Cela fait écho à ce que j’explorais déjà, à ma façon, dans la construction des Enfants du Salève : le poids du passé sur chaque personnage, les faux alliés qui retournent leur veste, les révélations dosées pour maintenir la tension jusqu’à la dernière page. Si vous voulez comprendre comment j’ai pensé la double temporalité du roman et le réseau de personnages qui la structure, l‘article sur les cinq ans d’écriture vous donnera un autre éclairage sur cette mécanique vue de l’intérieur.
Ce que Truby a fait à mon prochain roman
Au départ, je n’avais pas ouvert ce livre pour écrire un nouveau roman. Je l’avais ouvert par curiosité professionnelle, pour comprendre comment les histoires qui fonctionnent sont construites. Et puis quelque chose s’est passé, quelque chose que je n’avais pas anticipé.
Au fur et à mesure que je lisais, une idée a émergé. Une histoire simple, d’abord. Quelques personnages vagues, une tension centrale floue. Et puis, page après page, concept après concept, l’histoire s’est étoffée. Les personnages ont commencé à exister autrement que comme des silhouettes. Je leur ai construit des arcs narratifs. J’ai réfléchi à leurs faiblesses profondes, à leurs besoins inconscients, à leurs désirs de surface. J’ai pensé à leurs alliés, à leurs adversaires, aux faux alliés qui trahissent, aux faux adversaires qui deviennent complices. J’ai construit le débat moral qui traverse toute l’histoire, j’ai inclus un objectif commun à plusieurs protagonistes, mais chacun le voit différemment et veut le réaliser à sa façon. J’ai pensé aux révélations et à leur dosage, aux retournements et à leur moment précis, aux faux semblants qui entretiennent la tension.
Tout ça avec un carnet d’abord. Puis un gros cahier quand le carnet ne suffisait plus. Puis un traitement de texte quand le flux d’idées est devenu trop dense pour le papier. J’ai ensuite compilé et produit un synopsis détaillé. Puis des plans d’action pour chaque personnage. Puis j’ai tout rassemblé sur Notion pour organiser les chapitres en ayant tout sous les yeux en même temps.


Truby m’a donné quelque chose que cinq ans d’écriture n’avaient pas réussi à me donner aussi clairement : un cadre. Pas une cage. Un cadre. La liberté dans la contrainte, exactement comme en musique, et ceux qui me connaissent savent que la musique est l’autre langue dans laquelle je pense.

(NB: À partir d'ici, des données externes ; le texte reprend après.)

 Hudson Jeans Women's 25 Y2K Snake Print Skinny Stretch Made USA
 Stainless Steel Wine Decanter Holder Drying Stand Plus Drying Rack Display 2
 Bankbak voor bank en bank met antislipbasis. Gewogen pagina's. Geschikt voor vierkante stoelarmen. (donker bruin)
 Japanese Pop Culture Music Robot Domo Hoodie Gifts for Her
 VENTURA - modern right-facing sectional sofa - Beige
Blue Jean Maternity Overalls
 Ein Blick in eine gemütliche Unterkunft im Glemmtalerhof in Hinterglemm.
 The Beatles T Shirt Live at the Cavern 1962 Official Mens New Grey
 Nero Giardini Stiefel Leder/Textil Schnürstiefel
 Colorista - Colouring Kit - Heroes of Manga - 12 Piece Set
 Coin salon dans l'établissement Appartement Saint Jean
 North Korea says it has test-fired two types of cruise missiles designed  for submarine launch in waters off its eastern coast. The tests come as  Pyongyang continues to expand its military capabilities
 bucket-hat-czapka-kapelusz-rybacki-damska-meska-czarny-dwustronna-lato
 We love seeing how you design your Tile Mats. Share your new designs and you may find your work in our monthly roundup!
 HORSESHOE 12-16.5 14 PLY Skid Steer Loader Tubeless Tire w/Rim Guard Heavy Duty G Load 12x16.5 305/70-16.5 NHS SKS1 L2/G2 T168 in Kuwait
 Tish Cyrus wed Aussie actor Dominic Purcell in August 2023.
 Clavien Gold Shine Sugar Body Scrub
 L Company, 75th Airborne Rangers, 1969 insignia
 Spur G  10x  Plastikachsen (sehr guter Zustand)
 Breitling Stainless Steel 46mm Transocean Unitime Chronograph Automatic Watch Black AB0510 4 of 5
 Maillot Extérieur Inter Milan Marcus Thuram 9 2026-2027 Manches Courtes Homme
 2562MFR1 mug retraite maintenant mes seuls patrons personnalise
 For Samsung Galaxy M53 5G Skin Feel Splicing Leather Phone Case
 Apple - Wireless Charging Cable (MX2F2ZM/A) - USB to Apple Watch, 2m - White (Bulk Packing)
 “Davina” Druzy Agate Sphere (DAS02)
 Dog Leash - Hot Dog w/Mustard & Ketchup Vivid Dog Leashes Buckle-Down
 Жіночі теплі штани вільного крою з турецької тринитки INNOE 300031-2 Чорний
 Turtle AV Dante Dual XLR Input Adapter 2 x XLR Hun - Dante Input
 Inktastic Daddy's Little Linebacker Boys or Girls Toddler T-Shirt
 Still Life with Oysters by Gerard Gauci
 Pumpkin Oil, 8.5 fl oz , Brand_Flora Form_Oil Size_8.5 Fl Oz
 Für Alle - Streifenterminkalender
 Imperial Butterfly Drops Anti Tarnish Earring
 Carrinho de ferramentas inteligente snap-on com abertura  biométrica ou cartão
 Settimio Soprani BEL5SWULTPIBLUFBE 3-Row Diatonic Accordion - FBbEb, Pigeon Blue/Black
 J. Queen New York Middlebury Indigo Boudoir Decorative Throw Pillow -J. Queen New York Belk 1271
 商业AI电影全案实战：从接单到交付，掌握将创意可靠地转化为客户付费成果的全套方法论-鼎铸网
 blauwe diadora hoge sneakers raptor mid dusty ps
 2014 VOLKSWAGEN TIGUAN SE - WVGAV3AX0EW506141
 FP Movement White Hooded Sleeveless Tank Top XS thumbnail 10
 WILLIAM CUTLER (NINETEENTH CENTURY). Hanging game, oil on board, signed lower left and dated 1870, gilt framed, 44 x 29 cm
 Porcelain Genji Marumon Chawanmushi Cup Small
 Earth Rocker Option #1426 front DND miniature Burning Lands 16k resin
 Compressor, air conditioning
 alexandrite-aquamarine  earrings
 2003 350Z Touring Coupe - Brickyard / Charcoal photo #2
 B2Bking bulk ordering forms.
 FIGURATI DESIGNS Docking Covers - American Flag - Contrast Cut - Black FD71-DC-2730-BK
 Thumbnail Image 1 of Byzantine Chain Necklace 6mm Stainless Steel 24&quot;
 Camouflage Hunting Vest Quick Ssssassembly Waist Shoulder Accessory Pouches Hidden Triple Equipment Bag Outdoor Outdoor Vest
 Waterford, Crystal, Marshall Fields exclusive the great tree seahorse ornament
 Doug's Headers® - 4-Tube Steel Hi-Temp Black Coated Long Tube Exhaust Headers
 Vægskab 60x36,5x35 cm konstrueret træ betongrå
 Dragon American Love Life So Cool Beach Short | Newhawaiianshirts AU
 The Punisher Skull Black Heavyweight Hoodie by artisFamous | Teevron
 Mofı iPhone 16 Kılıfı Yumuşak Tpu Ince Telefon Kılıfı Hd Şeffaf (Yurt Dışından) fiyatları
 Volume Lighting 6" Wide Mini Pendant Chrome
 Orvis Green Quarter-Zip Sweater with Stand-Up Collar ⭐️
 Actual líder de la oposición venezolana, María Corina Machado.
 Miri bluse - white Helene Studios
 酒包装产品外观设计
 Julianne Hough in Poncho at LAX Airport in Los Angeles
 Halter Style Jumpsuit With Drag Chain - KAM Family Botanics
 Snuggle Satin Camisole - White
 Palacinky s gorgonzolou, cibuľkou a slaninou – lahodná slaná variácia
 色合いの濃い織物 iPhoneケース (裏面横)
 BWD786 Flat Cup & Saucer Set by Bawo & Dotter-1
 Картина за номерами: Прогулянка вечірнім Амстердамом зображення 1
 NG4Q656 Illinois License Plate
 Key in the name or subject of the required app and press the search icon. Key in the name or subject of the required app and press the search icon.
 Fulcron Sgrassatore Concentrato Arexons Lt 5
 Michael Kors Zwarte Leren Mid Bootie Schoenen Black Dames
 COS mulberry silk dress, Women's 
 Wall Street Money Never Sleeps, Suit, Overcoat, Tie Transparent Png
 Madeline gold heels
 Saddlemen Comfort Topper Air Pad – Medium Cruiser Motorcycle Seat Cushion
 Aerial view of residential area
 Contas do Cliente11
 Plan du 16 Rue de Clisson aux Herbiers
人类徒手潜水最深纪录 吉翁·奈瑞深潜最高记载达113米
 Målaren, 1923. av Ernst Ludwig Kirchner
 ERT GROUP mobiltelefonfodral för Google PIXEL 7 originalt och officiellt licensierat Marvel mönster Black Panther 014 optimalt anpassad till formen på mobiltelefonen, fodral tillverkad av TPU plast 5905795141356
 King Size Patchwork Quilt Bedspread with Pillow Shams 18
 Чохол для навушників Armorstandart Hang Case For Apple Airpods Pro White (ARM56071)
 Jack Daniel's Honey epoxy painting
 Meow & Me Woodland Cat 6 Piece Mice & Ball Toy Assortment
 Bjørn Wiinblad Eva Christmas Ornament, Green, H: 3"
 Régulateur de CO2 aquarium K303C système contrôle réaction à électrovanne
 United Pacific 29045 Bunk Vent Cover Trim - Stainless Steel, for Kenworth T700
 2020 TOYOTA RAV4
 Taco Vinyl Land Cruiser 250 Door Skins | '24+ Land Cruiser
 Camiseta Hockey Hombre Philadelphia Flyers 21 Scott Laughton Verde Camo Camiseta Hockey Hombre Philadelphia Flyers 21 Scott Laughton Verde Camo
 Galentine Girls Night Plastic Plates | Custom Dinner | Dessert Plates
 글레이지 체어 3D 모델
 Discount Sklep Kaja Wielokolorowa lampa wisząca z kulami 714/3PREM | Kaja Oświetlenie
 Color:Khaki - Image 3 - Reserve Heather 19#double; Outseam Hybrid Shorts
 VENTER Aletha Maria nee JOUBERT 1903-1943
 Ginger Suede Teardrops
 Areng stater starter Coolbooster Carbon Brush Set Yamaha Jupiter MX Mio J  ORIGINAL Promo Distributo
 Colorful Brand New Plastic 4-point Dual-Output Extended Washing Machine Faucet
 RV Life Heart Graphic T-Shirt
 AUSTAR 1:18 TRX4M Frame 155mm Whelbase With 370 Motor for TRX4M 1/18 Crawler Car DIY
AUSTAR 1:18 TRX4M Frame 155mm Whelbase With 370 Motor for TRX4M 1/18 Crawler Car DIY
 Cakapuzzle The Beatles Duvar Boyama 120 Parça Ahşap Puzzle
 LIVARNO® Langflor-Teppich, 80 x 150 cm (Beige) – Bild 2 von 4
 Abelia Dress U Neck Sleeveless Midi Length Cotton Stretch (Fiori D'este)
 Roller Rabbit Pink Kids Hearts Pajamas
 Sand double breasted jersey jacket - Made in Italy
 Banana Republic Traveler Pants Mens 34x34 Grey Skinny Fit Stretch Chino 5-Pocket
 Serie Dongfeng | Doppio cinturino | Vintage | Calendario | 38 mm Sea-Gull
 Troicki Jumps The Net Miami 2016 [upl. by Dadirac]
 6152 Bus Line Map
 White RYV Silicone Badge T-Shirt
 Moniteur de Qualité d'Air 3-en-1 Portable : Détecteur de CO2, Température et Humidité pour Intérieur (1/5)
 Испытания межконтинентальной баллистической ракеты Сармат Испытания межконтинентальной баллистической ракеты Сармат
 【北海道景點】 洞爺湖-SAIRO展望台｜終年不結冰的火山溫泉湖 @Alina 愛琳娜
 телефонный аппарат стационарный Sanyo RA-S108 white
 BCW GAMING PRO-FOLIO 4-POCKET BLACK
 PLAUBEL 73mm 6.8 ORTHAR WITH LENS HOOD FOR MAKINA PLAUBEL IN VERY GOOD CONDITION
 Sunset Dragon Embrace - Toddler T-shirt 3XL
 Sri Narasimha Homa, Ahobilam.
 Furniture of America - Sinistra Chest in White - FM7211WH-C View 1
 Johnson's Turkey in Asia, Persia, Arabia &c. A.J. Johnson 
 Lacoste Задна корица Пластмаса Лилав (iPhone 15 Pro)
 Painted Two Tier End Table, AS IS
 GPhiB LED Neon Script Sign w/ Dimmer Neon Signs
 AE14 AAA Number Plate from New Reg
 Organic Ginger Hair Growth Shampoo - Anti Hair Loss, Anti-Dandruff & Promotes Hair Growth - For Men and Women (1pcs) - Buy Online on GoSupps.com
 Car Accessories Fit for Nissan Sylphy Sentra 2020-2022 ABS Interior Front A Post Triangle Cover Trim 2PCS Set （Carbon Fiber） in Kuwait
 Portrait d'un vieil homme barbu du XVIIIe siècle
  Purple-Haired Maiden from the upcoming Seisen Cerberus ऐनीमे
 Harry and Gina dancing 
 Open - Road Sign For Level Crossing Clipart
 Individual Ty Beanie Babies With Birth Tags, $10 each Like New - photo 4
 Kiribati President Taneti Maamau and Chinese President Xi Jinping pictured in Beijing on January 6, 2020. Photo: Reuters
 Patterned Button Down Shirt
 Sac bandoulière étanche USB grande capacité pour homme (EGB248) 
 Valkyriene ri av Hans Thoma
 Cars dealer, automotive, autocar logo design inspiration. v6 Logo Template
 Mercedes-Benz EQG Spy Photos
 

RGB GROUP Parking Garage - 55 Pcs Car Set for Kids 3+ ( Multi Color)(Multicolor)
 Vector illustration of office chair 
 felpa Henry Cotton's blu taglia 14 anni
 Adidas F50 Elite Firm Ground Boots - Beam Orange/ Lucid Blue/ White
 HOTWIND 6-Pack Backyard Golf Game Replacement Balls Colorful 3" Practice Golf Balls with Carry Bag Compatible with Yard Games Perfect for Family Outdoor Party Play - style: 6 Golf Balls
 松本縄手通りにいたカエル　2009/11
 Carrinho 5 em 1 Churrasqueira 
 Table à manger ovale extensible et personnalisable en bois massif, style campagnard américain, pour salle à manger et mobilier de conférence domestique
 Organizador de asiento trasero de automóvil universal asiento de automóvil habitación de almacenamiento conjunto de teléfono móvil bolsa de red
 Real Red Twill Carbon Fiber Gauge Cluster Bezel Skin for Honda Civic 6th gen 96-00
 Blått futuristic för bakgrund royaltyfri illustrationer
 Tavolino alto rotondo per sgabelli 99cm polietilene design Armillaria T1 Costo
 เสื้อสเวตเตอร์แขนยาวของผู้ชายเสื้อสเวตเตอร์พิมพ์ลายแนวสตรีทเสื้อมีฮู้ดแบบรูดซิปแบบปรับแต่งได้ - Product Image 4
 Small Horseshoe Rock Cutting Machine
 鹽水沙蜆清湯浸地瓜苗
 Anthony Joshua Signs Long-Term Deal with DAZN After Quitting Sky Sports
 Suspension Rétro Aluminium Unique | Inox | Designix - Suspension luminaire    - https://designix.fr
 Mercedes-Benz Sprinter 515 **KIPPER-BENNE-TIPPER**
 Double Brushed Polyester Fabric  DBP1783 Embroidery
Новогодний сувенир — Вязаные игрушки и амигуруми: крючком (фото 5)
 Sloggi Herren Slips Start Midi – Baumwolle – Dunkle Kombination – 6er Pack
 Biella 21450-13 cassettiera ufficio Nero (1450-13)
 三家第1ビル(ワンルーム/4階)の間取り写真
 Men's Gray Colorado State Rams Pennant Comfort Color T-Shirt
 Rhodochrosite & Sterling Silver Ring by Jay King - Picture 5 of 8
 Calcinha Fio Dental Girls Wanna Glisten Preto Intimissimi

Ce que ce livre m’a appris sur le thriller psychologique en particulier
La méthode de Truby s’applique à tous les genres narratifs. Mais elle parle avec une acuité particulière à l’autrice de thriller psychologique que je suis. Parce que le thriller psychologique est précisément le genre où la transformation morale du personnage est centrale. Où les faux alliés et les faux adversaires sont des ressorts structurels, pas des effets de style. Où le débat moral n’est pas une couche thématique rajoutée après coup, mais le moteur profond de toute la tension.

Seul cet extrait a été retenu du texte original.